ADS and benchmark data alignment

The methodology was designed according to the RAVE checklist (Scanlon et al. Citation2024b) and was implemented in four main steps that are shown in . First, raw data was extracted from a variety of available data sources. Next the mileage and crash data from the benchmark and ADS crash data sources were aligned to maximize comparability. Specifically, the mileage and crash benchmark data was restricted to passenger vehicles and surface streets, and dynamic spatial adjustments were performed to make the benchmarking driving distribution representative of the ADS driving. Crash rates were generated by both crash types and various outcome levels. Statistical testing was then used to evaluate the meaningfulness of any observed differences in crash rates.

Figure 1. Data process methodology for ADS and benchmark comparison.

Figure 1. Data process methodology for ADS and benchmark comparison.

This study compared crash rates for Waymo’s RO service derived from the NHTSA SGO and self-reported mileage by Waymo to human benchmarks derived from crash and Vehicle Miles Traveled (VMT) databases maintained by the states of California, Arizona, and Texas.

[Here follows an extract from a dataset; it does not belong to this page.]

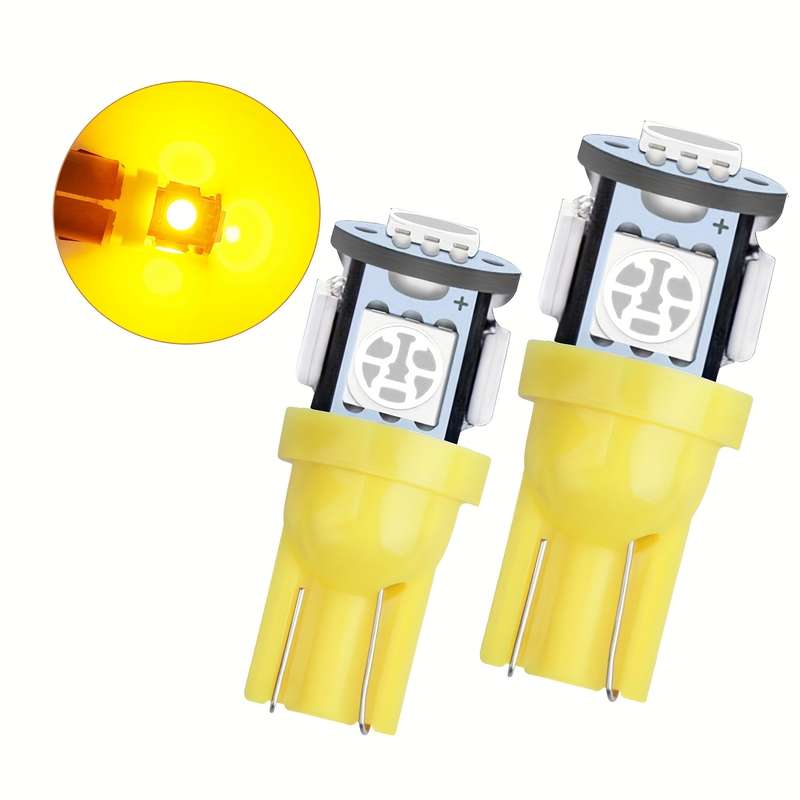 2pcs Amber LED Car Turn Signal Bulbs High Brightness Decoding T10 W5W LED A Grade 505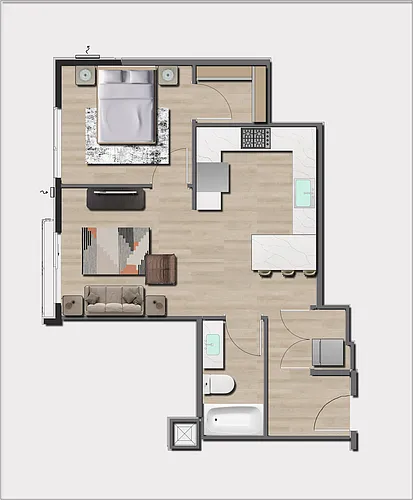 Floor plan 1 Bedroom, 1 Bath A2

A full listing of these databases relied upon can be found in . Details of the data sources are in the Supplementary Appendix.

Table 1. Data sources relied upon in the current study.

Data alignment promotes comparability between datasets. This is sometimes referred to colloquially as making an “apples-to-apples” comparison (Scanlon et al. Citation2024b). This study performed alignment along four main dimensions known to influence crash risk, including (1) vehicle type, (2) road type, and (3) spatial driving distribution. Vehicle type and road type were accounted for through subselection. A dynamic benchmarking routine previously developed by Chen et al. (Citation2024) was used to adjust for crash risk by where within their deployed geographic regions the ADS operated.

The Waymo RO operations in this study are identical to those described in Kusano et al. (Citation2024). Waymo’s current RO operations have exclusively taken place using recent model run Chrysler Pacifica (not actively in operation) and Jaguar I-Pace (active) platforms, which are both classified as passenger vehicles according to the 49 CFR § 565.15 classification. For this study, surface streets refers to all roadways that are not “Interstates” or “Other Arterials – Other Freeways and Expressways” as defined using FHWA’s highway function classification coding (FHWA Citation2023b). The existing RO operations mostly occurred on surface streets, so this study only examines miles and crashes that occurred on surface streets. A final dimension considered was “in-transport” status, which refers to all vehicles that are not in designated parking, parked off the roadway, parked on private property, or working vehicles. Mileage is only accumulated while “in-transport”, and this variable is readily available in all police-reported databases, which makes it a straightforward dimension to align the data on. See the Supplementary Appendix for the procedure for determining in-transport status using SGO data, which is identical to the method used in Kusano et al. (Citation2024).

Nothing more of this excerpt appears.